Xue Zhiyun, Liang Zhaohui, Rajaraman Sivaramakrishnan, Marini Niccolo, Antani Sameer
Division of Intramural Research, National Library of Medicine, National Institutes of Health, Bethesda, MD, USA.
IEEE Int Conf Omnilayer Intell Syst. 2025 Aug;2025. doi: 10.1109/coins65080.2025.11125786. Epub 2025 Aug 22.
Oral cancer has one of the lowest five-year survival rates among major cancer types. Therefore, early detection is crucial for histopathological confirmation. State-of-the-art methods reported in the literature largely analyze images only for oral cancer prediction. The use of deep learning networks for related tabular medical data remains unexplored for oral cancer and understudied in general. As part of our multimodal AI/ML approach toward reliable prediction of candidate lesions to biopsy, we describe our work in deep learning approaches on a fielded clinical structured text data in spreadsheet format (tabular data) on a subset comprising 1791 patients drawn from a large ongoing oral cancer study to classify patients with a cancerous lesion from those with a precancerous lesion (i.e., direct precursor to cancer). We compare two tabular deep learning methods and one conventional algorithm for the predictive data analysis. The experimental results on a hold-out test set demonstrate a promising performance for all models (Youden index > 0.6 and AUC > 0.9). In addition, we examine and analyze the interpretability of models. All models indicate that lesion characteristics are crucial predictive features. The insights and results obtained from this work would be valuable to the research community in application of AI/ML to biomedicine.

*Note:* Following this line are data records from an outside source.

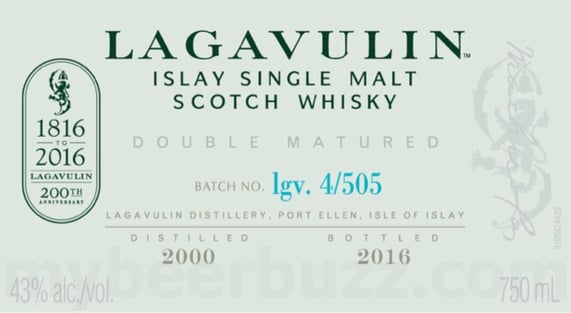 Lagavulin 200th Anniversary Double Matured 16 Year Islay Single Malt Scotch Whiskey 750ml Bottles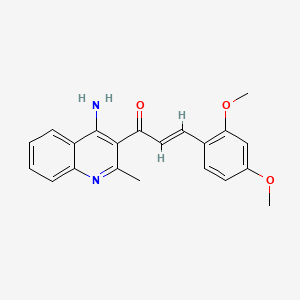 (2E)-1-(4-amino-2-methylquinolin-3-yl)-3-(2,4-dimethoxyphenyl)prop-2-en-1-one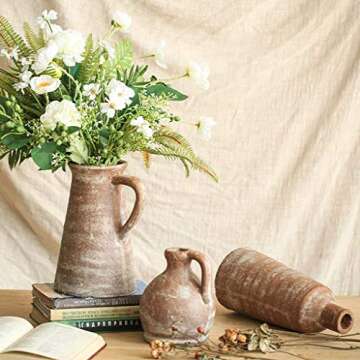 Earthenware Flower Vase Handmade Decorative Bud Vase Modern Tall Posy Bouquet Brown Centerpiece for Home Wedding Christmas Decor (Color : Brass, Size : 19×24cm)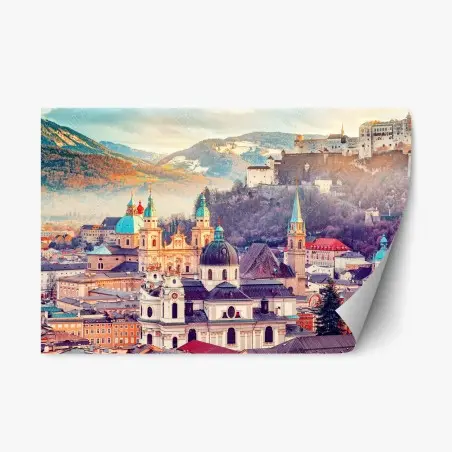 Sticker repositionnable vue pittoresque de Salzburg au crépuscule – Wallnifity®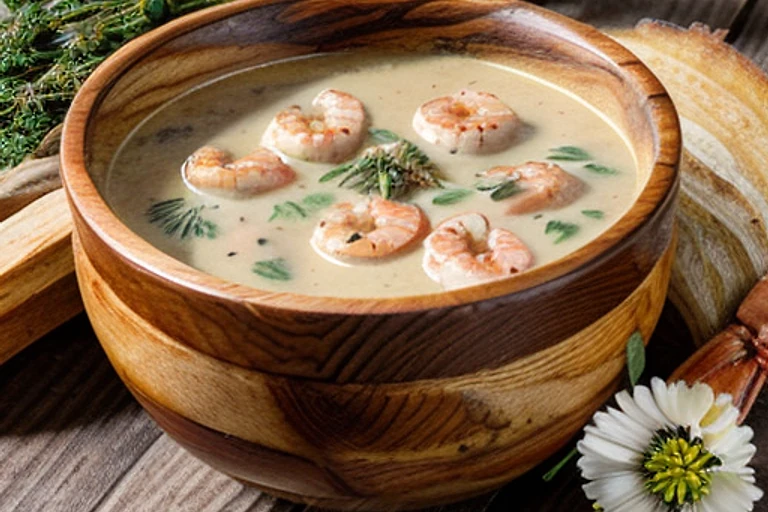 Молочная уха с копчёной рыбой и шампиньонами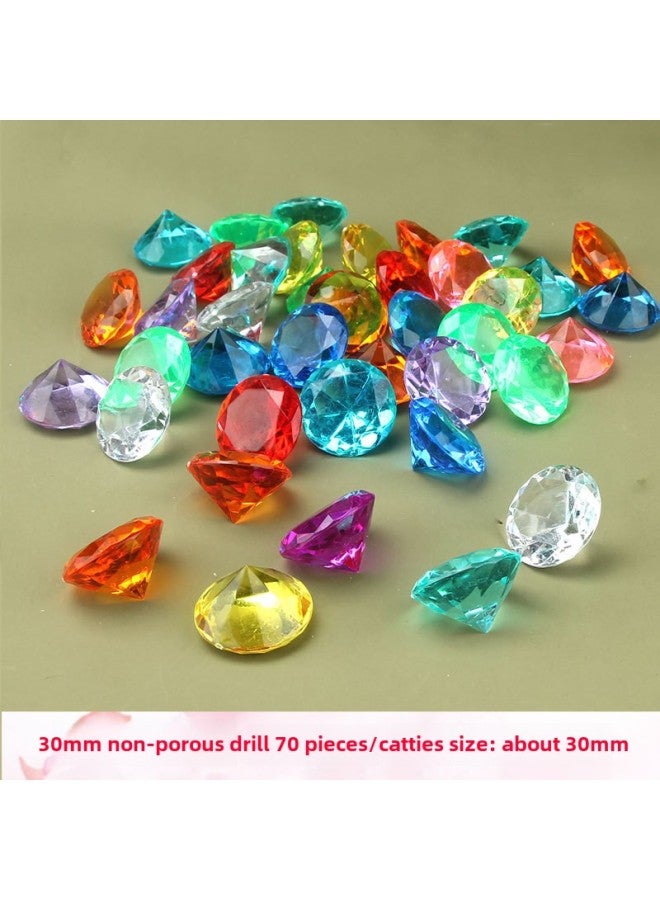 Children's Crystal Gem Animal Toys Archaeological Excavation Colorful Acrylic Plastic Treasure Amusement Park Capture Machine Diamond-Color:30mm Round Diamond One Jin - Image 1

口腔癌在主要癌症类型中五年生存率是最低的之一。因此,早期检测对于组织病理学确诊至关重要。文献中报道的最先进方法主要仅针对口腔癌预测分析图像。对于口腔癌,深度学习网络在相关表格医学数据方面的应用尚未得到探索,总体上研究也较少。作为我们用于可靠预测活检候选病变的多模态人工智能/机器学习方法的一部分,我们描述了我们在深度学习方法方面的工作,该方法应用于来自一项正在进行的大型口腔癌研究的包含1791名患者的子集中的电子表格格式的现场临床结构化文本数据(表格数据),以区分患有癌性病变的患者和患有癌前病变(即癌症的直接前驱病变)的患者。我们比较了两种表格深度学习方法和一种传统算法用于预测数据分析。在留出测试集上的实验结果表明所有模型都有良好的表现(约登指数>0.6且曲线下面积>0.9)。此外,我们检查并分析了模型的可解释性。所有模型都表明病变特征是关键的预测特征。从这项工作中获得的见解和结果对于人工智能/机器学习在生物医学中的应用研究社区将是有价值的。